Roma, 2 gen – Sul Corriere della Sera Mario Monti scrive di John Maynard Keynes, anticipando un estratto della sua prefazione ad una nuova raccolta di scritti dell’economista inglese, datati tra il 1920 e il 1925.
L’articolo di Monti su Keynes
Potrebbe già suonare come una sorta di barzelletta che a parlare di Keynes sia un imbolsito campione dell’austerità europea e delle sue perversioni burocratiche come Mario Monti. Ma dalla commedia si passa alla tragedia quando dalle frasi di circostanza si va ai contenuti veri e propri. Gli scritti presenti nella raccolta sono gli articoli di Keynes in merito alla Conferenza di Genova, pubblicati su diversi giornali europei, tra cui proprio il Corriere della Sera. Il tema è l’assetto economico e politico dell’Europa uscita dalla Prima guerra mondiale. Com’è noto, Keynes, che al tema dedicò anche il saggio del 1919 Le conseguenze economiche della pace e quello del 1922 Per una revisione del Trattato, era contrario ad un atteggiamento troppo punitivo nei confronti della Germania. Ma per Monti tutto questo diventa solamente l’occasione per fare una sparata contro quegli malaugurati Stati che pretendono di essere ancora nazioni e che non vogliono sottostare ai dettami dell’Unione Europeo o della globalizzazione, che per Monti sono lo stesso: “Perfino l’Unione Europea, a oggi la realizzazione più avanzata di integrazione regionale o, se vogliamo, di «globalizzazione» su scala continentale con una governance per certi aspetti unitaria, che senza sosta è andata estendendosi e dotandosi di maggiori poteri, incontra ora qua e là lo zoccolo duro di aspetti delle sovranità nazionali ai quali gli Stati membri non sono disposti a rinunciare.”

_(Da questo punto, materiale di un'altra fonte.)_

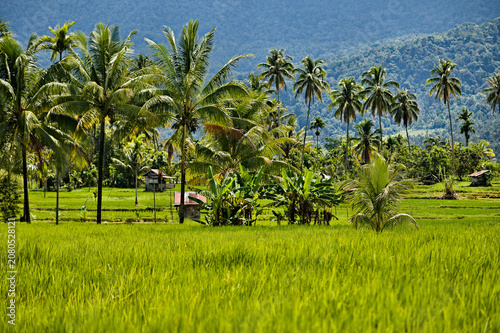 Green rice paddies and tropical palm trees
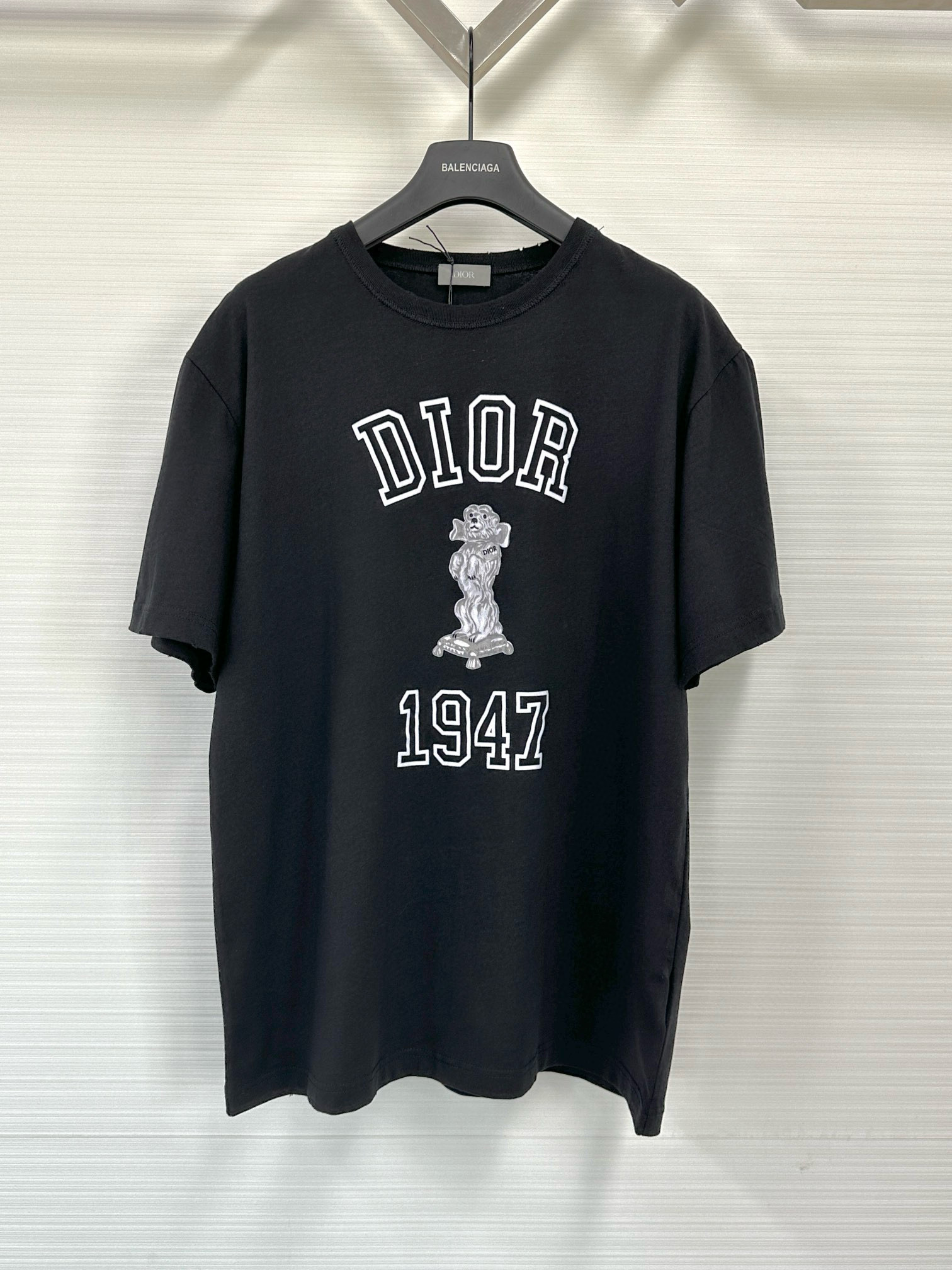 Dior T-Shirt – TSHP2576
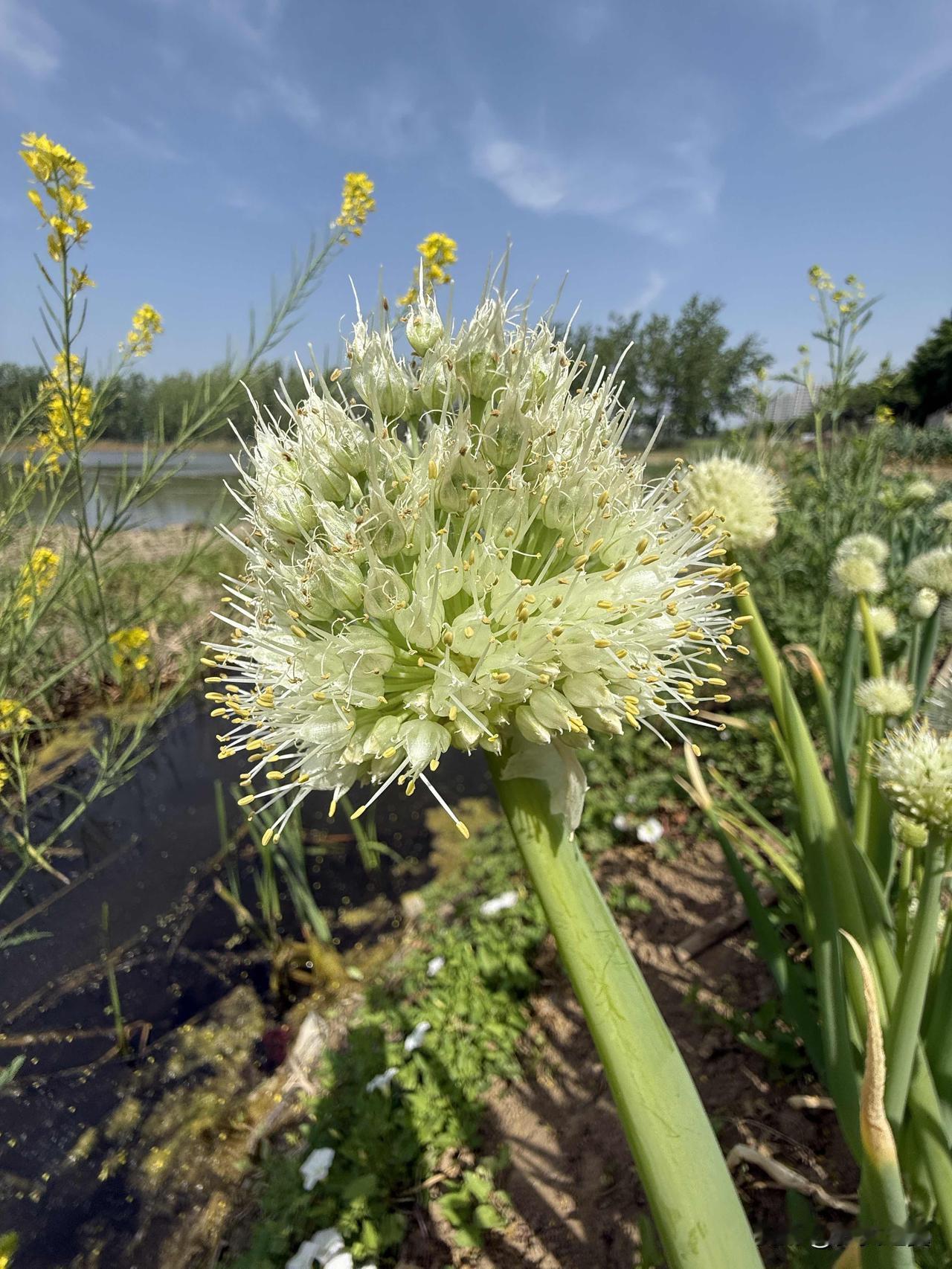 【小对联】
上：……？
下：乐章。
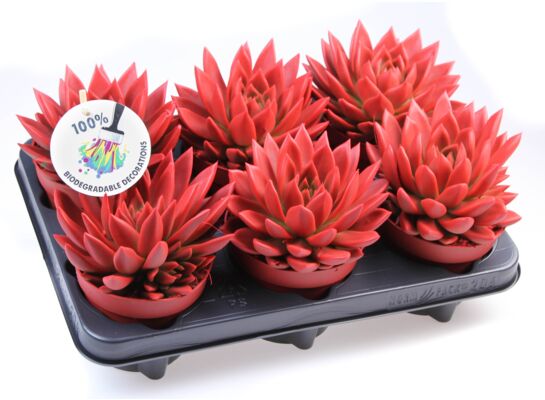 Echeweria malowana 15 cm doniczka 12 cm czerwony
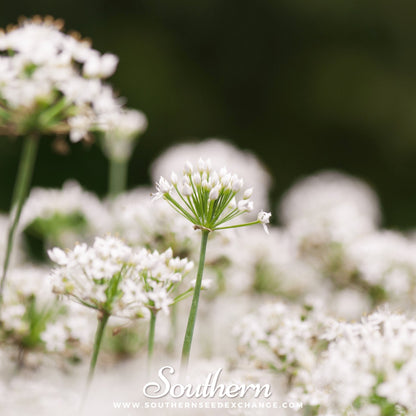 Garlic Chives – 250 Seeds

Tra contraddizioni e travisamenti ideologici
Secondo Monti la sovranità sarebbe appunto il riemergere dei nazionalismi e dei fascismi di allora: “È proprio questo concetto, che porta in sé l’ambiguità dei sogni e la realtà sovente brutale, il filo conduttore che corre tra gli anni Venti del Novecento e i nostri anni Venti”. E prosegue: “In questi ultimi anni, l’attaccamento al la sovranità si è diffuso ampiamente, di venendo «sovranismo», quasi a fare da contrafforte al pensiero e alle azioni diretti ad una maggiore integrazione o condivisione di aspetti della sovranità. E i Paesi, quasi ad intensificarne i caratteri identitari e reciprocamente distintivi, vengono più spesso chiamati puntigliosamente «Nazioni»”. Proprio gli scritti di Keynes sarebbero un antidoto a questa deriva di popoli che vogliono mantenere le proprie identità, in quanto l’attenzione economica dell’inglese sarebbe un preludio del Mercato Unico, cioè “il pilastro forse più importante del l’odierna Unione Europea”. A parte l’ovvia contraddizione tra le idee di Keynes in fatto di spesa pubblica e l’austerità europea, l’interpretazione di Monti fa acqua da tutte le parti. Anzi, seguendo le critiche di Keynes alla colpevolizzazione della Germania e al ruolo di una entità sovranazionale come la Società delle Nazioni, potremmo immaginarci proprio Monti come uno di quei grigi burocrati di inizio Novecento che tuonava sulla necessità delle riparazioni e che l’economista inglese bacchettava.